Assignment: Extract, without alteration, each line from the start of the listing to the line bearing "Used 2024 Chevrolet".

Records shown:
· · · ·

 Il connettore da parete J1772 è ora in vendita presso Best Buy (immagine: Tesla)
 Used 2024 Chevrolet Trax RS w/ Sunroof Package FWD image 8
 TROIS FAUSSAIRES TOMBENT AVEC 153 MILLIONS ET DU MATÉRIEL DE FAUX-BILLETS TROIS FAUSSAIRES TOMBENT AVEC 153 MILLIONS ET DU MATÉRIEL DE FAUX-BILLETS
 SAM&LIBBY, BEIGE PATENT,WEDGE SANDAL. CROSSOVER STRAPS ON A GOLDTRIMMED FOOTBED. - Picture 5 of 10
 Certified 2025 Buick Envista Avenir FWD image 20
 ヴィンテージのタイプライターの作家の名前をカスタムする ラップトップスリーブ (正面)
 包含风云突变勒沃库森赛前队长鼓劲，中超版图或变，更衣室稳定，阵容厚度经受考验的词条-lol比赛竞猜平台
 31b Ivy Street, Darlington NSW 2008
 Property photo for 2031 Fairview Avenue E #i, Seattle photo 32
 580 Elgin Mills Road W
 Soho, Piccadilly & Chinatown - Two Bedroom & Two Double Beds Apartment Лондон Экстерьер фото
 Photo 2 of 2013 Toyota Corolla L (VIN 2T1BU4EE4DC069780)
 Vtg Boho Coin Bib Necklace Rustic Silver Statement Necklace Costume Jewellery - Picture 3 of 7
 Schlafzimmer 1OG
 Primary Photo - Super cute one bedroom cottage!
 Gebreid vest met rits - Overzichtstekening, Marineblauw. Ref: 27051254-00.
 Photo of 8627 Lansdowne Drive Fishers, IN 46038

· · · ·

Result:
 Il connettore da parete J1772 è ora in vendita presso Best Buy (immagine: Tesla)
 Used 2024 Chevrolet Trax RS w/ Sunroof Package FWD image 8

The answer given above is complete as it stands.